Red Riding Blood

Dove eravamo rimasti?

Cosa faranno Blaze e Arthur? Proveranno di nuovo a cercare il percorso per uscire, però... (60%)

V - La strada per l’uscita

«Stiamo camminando da un’ora», intervenne Blaze dopo aver guardato l’orologio, rompendo il silenzio, «e non abbiamo ancora raggiunto il sentiero che tu ci hai fatto abbandonare».

Arthur guardò il cronometro che portava al polso, illuminandolo con la torcia. «Dovresti farti controllare l’orologio», ribatté. «È passato solo un quarto d’ora».

Il primo ragazzo, certo delle proprie parole, prese allora il braccio dell’amico per essere sicuro di ciò che stesse dicendo.

«Ehi, Art», chiamò.

«Cosa c’è che non va?», chiese. «Ho forse qualche insetto sul braccio?».

«No: le lancette del tuo orologio…», iniziò preoccupato Blaze. Deglutì in una lunga pausa. «Le lancette stanno andando all’indietro…».

«Non è possibile!», esclamò incredulo il secondo, portandosi poi il polso davanti agli occhi. «Ti devi per forza essere sbagliato!». Il movimento delle piccole astine diede però ragione all’amico.

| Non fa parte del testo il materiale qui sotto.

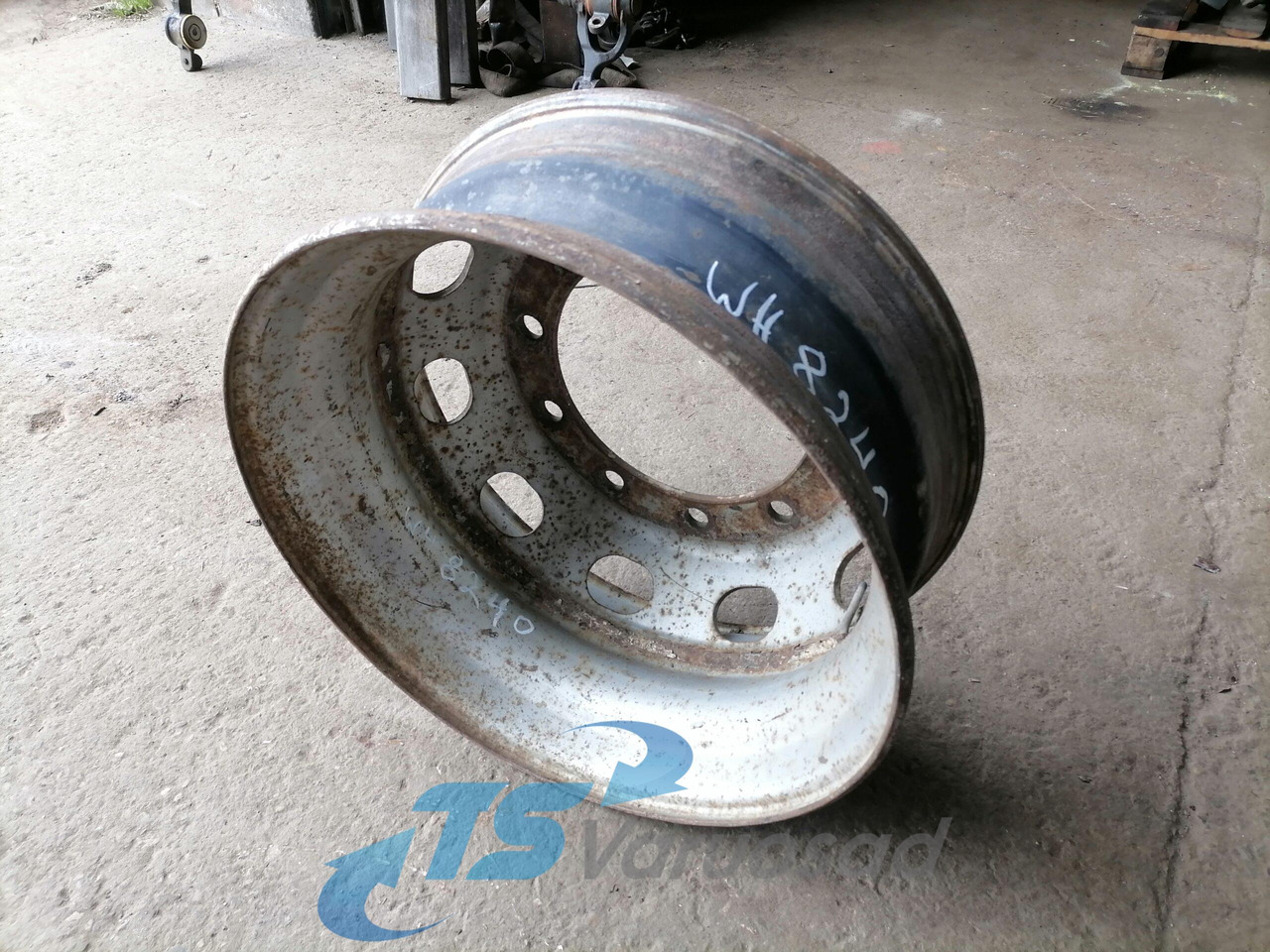 DAF Velg 22.5x8.25 225x825 - Riepas un diski - Kravas automašīna: foto 1 DAF Velg 22.5x8.25 225x825 - Riepas un diski - Kravas automašīna: foto 1
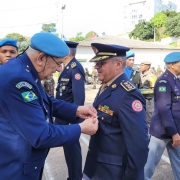 Associação Brasileira dos Integrantes do Batalhão Suez outorga medalha ao Comando do CBMRS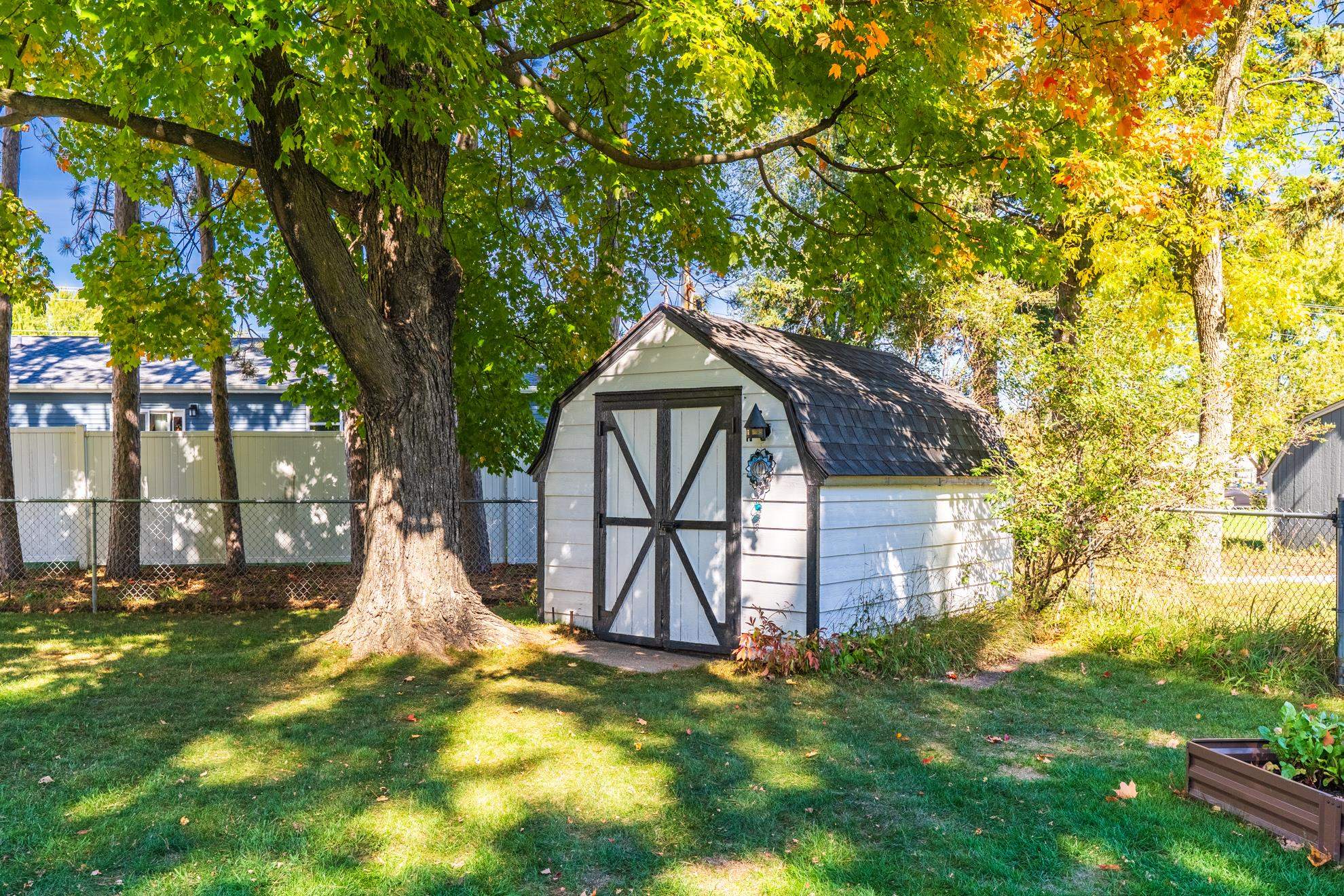 909 S 21ST AVENUE, Wausau, Wisconsin 54401, 3 Bedrooms Bedrooms, ,3 BathroomsBathrooms,Residential,For Sale,909 S 21ST AVENUE,22605005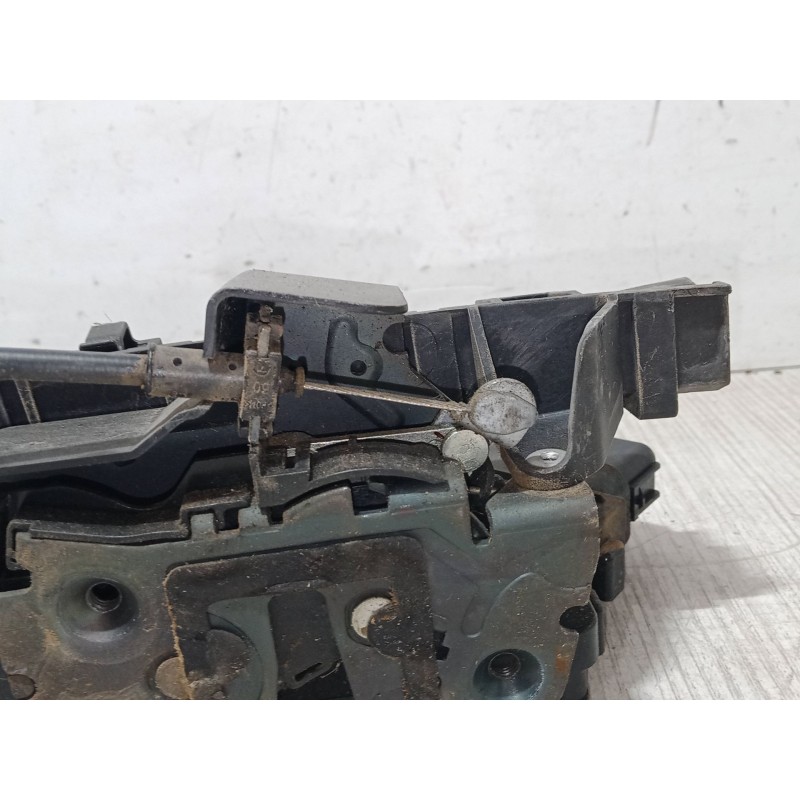 Recambio de cerradura puerta delantera derecha para ford focus ii (da_, hcp, dp) 1.6 tdci referencia OEM IAM 240021300  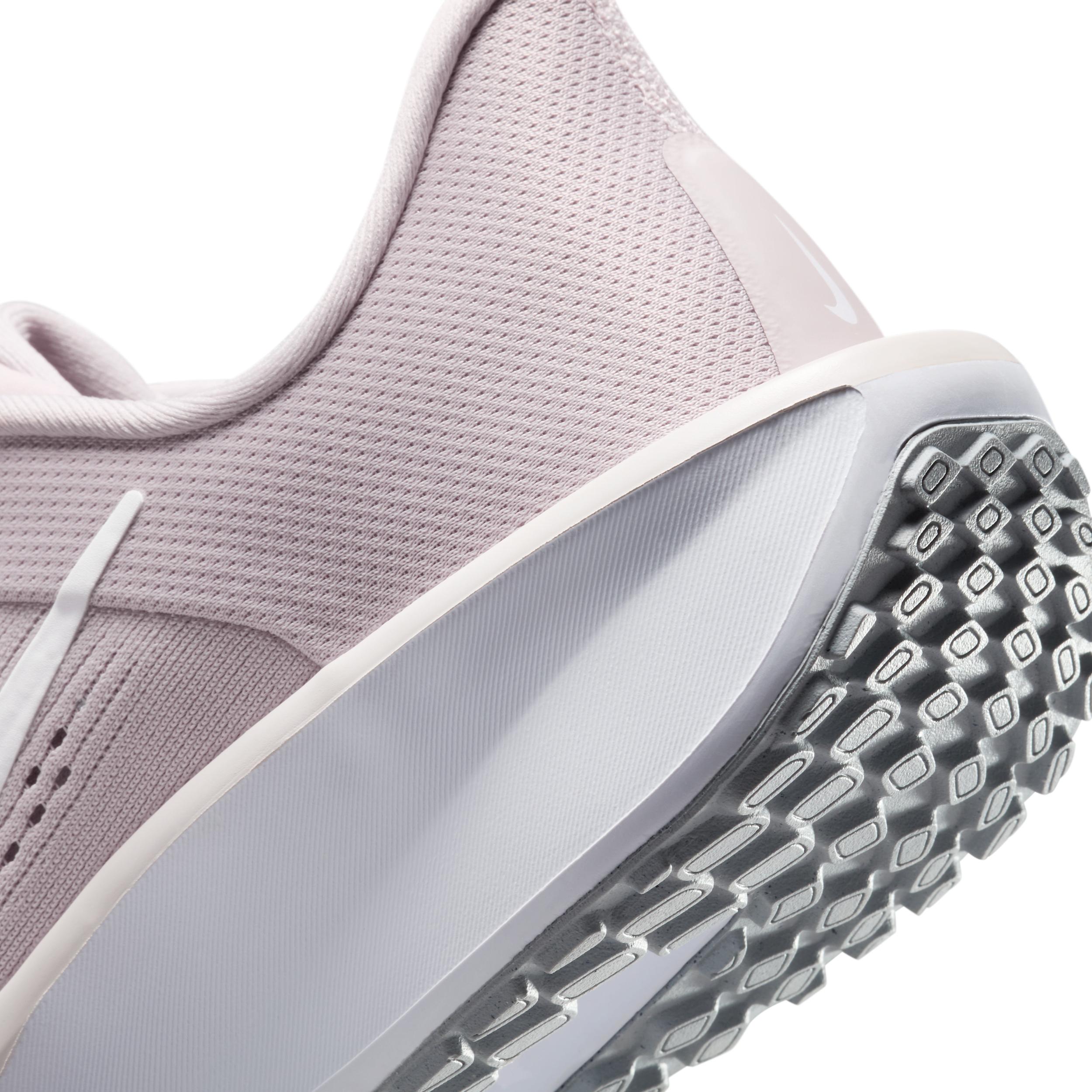 Nike Quest 6 Women's Road Running Shoes Product Image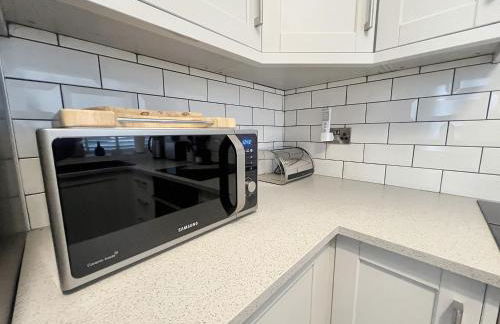 Merton Place, Southsea apartment with parking - Photo 8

Un fruscìo nel sottobosco li mise entrambi in allarme, facendoli voltare.

«Chi è là?», domandò Blaze ad alta voce, cercando sia con lo sguardo che con l’udito altri segnali della presenza di qualcuno nascosto nella vegetazione.

«Meglio se ci muoviamo», suggerì poi Arthur mettendosi in cammino, seguito a breve distanza dall’amico.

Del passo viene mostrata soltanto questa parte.